*Collected data*
════════════════════

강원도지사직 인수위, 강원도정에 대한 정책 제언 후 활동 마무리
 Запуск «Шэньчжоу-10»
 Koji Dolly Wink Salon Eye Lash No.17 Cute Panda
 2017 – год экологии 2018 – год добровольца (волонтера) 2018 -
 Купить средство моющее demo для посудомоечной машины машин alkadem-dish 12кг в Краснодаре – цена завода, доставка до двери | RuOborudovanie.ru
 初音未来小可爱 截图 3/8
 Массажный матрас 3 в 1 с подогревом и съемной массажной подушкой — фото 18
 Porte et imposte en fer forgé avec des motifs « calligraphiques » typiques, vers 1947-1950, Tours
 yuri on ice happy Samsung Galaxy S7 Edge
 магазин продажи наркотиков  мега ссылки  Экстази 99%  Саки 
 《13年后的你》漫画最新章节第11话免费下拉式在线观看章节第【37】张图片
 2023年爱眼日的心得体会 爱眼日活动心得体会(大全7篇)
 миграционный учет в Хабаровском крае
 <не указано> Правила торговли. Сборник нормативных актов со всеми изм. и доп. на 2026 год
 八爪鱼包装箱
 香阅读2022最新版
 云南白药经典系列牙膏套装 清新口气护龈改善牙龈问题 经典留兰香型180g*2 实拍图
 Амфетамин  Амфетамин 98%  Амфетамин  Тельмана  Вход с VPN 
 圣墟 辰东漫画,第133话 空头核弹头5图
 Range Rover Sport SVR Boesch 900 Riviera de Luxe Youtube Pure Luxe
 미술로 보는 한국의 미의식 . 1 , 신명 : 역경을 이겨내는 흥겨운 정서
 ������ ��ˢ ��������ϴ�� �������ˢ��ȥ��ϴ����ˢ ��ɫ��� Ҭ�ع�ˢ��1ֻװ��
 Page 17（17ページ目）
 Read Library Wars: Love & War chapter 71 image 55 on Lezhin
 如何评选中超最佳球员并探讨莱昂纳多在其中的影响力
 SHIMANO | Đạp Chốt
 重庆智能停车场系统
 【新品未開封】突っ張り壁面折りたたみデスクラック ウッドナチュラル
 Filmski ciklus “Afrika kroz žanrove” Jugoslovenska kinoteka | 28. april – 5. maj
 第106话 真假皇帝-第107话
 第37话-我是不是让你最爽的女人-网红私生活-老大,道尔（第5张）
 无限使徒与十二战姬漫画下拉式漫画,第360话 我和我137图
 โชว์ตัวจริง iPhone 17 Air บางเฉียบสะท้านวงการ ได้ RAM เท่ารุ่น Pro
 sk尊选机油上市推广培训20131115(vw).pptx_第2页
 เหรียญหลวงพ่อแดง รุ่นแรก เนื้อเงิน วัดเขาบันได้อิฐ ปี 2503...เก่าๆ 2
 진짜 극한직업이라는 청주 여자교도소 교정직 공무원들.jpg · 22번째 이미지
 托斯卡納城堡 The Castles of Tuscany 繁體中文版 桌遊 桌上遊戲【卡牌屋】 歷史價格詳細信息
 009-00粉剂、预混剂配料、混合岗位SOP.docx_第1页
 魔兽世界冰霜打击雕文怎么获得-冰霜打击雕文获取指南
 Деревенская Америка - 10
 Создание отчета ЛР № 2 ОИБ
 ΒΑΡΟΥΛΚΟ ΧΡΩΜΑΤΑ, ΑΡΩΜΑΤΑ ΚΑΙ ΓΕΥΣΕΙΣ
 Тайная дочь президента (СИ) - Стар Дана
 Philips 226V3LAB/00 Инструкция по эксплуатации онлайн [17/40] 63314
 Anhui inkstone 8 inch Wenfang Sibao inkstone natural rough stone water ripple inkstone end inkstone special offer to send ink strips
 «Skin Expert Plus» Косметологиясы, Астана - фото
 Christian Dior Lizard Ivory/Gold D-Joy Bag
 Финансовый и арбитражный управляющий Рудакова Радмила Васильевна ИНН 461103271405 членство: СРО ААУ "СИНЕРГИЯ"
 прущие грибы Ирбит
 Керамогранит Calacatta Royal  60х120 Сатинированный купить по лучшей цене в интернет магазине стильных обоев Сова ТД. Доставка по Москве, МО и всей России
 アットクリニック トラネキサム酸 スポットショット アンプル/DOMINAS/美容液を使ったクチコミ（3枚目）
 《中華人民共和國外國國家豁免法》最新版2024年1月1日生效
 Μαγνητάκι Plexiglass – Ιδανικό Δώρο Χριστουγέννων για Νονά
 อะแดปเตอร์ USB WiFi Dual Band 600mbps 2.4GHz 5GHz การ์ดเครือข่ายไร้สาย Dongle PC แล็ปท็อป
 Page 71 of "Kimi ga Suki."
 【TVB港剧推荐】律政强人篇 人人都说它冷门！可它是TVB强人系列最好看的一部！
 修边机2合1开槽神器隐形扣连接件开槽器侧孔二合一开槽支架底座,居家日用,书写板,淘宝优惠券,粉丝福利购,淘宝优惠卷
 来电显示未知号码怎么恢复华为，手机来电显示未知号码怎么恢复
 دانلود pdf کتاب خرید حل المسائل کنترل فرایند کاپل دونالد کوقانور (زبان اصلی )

════════════════════

*What to produce*
Search the entries for the word "Page", then copy every line in which it is found.

*Final answer*
 Page 17（17ページ目）
 Page 71 of "Kimi ga Suki."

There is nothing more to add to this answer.